Why ##a^0=1##?

[Mike_bb]

Hello!

I have problem in understanding why $a^0=1$.

I represent $a^x$ as $1*a*a*a*a*...*a$ (x times)

Why $a^0=1$? Why is $a^0$ not equal to $0$?

Thanks.

 

[Ibix]

It's consistent with $a^{n+1}=a\cdot a^n$

 

[Ibix]

Or, more generally, $a^{n+m}=a^na^m$ implies $a^0=1$, because otherwise $a^{n+0}\neq a^n$.

 

[martinbn]

Hello!

I have problem in understanding why $a^0=1$.

I represent $a^x$ as $1*a*a*a*a*...*a$ (x times)

Why $a^0=1$? Why is $a^0$ not equal to $0$?

Thanks.

Well if your $x$ is zero, then you will have no $a$'s, so just the $1$ in the begining.

 

[jedishrfu]

Another way to look at it

$a^0 = 1$

$a * a^0 = a * 1$

$a^1 = a$

Of course you can reverse the steps and conclude that $a^0 = 1$

 

[Hill]

$a^0=a^1a^{-1}=a\frac{1}{a}=1$

 

[Hornbein]

Exponents are about multiplication, and 1 is the multiplicative identity.

If exponents represented repeated addition the zeroeth power would be 0, the additive identity.

 

[Gavran]

Very similar to post #6.
$$ a^0=a^{x-x}=\frac{a^x}{a^x}=1 $$

 

[mathwonk]

This has several excellent answers and I cannot improve on them.

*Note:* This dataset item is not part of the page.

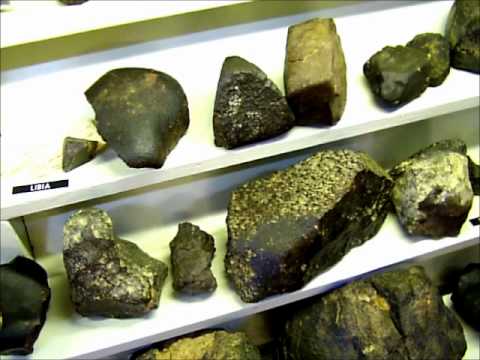 Meteoriti al Museo del Cielo e della Terra (San Giovanni di Persiceto)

I just have this persistent nagging voice wanting to express this abstractly, if perhaps not actually usefully for a beginner.
Namely, all answers point out, one way or another, that exponentiation is a function that changes addition into multiplication, hence changes zero into 1. (It also has positivity and continuity hypotheses.)

[edit: I have added a necessary condition for uniqueness that I originally forgot to mention.]

I.e. if a>0, then f(x) = a^x, is a homomorphism from (Q,+) to (R>0,*). I.e. a function from rationals to positive reals, such that, for all real x,y, f(x+y) = f(x)*f(y).
As a consequence, f carries the additive identity, namely 0, to the multiplicative identity, namely 1.

Indeed it is the only such homomorphism such that f(1) = a.
If you want such a uniqueness statement also for the exponentiation function defined on all reals, i.e. for the function f(x) = a^x, from (R,+) to (R>0,*), you need a continuity hypothesis on f, but this is unnecessary for the desired statement about 0 and 1; i.e. the value of the function at zero is always uniquely determined, no matter what the value is at 1.
For the same reason, i.e. because logs change multiplication into addition, the value of a logarithm function at 1 is always zero, no matter what (positive) base is chosen for the log. And a continuous log function L, from (R>0,*) to (R,+), is determined by a choice of positive a, (i.e. the base), such that L(a) = 1.